Au lendemain de la conférence de presse du président de la République, l’opposition s’est mobilisée en République Démocratique du Congo pour décortiquer les dits et les non-dits de l’oral de Félix Tshisekedi. À Kinshasa, Delly Sesanga a pris la parole, jeudi 7 mai, pour s’opposer à toute tentation pour Tshisekedi de briguer un troisième mandat. Selon l’opposant, les mots du chef de l’Etat ont levé un pan de voile sur ses intentions. «Les masques sont tombés, Tshisekedi veut manœuvrer à découvert pour un 3e mandat», a-t-il dénoncé.
Cette volonté affichée du président, qui s’est dit disposé à accepter un appel du peuple, passe obligatoirement par la modification de la Constitution.
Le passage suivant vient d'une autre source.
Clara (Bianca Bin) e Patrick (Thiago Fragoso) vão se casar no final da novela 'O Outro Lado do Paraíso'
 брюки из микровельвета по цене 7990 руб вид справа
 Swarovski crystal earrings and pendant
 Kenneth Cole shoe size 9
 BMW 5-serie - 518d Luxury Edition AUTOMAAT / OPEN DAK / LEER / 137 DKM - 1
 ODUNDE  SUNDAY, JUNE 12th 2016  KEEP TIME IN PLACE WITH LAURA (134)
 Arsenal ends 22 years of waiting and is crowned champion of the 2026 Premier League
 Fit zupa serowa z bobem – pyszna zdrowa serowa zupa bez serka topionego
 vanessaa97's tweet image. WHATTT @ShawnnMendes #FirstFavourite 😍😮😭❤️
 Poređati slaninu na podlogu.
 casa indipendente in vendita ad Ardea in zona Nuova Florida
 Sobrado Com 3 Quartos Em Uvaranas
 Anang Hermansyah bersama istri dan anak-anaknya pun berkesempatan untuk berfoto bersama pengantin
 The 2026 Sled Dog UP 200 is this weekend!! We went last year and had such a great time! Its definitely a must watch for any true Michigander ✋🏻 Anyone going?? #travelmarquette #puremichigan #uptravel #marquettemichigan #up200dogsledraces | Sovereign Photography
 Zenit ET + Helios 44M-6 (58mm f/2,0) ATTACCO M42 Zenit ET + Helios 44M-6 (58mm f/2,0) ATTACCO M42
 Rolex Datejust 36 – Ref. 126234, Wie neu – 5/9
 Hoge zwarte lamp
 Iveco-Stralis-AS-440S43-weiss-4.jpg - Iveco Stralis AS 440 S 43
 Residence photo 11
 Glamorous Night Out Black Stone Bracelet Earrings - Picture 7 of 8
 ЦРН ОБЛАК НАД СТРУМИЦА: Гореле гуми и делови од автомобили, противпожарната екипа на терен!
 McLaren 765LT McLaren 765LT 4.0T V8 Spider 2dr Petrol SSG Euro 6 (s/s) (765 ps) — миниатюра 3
Une ligne rouge que Sesanga refuse de voir franchir. «La RD-Congo ne peut entrer dans un nouveau cycle de tensions institutionnelles et de personnalisation du pouvoir. Tous les démocrates doivent faire obstacle à cette dérive», a-t-il martelé.
Le leader du parti Envol a invité dans le même temps le président de la République au «sens de l’Histoire» pour éviter un retour aux pratiques politiques du passé, aux conséquences néfastes. Pour ramener le président Tshisekedi sur le droit chemin, l’ancien candidat à la présidentielle a rappelé les idéaux de l’Union pour la démocratie et le progrès social -UDPS-, dont les pères fondateurs ont mené des combats remportés «au prix de lourds sacrifices pour le peuple congolais».
Un héritage qui, selon lui, ne doit pas être remis en cause. «C’est un reniement du combat de son père, qui a combattu Mobutu, lequel s’est éternisé au pouvoir et a exercé un pouvoir personnel. Félix Tshisekedi a de nouveau tué les martyrs qui ont donné leur vie pour protéger la Constitution», a-t-il fait constater. Sesanga a conclu son message en rappelant que le président Tshisekedi avait mieux à faire que multiplier «discours» et «promesses» pour se consacrer davantage à la «sacralité» des textes établis.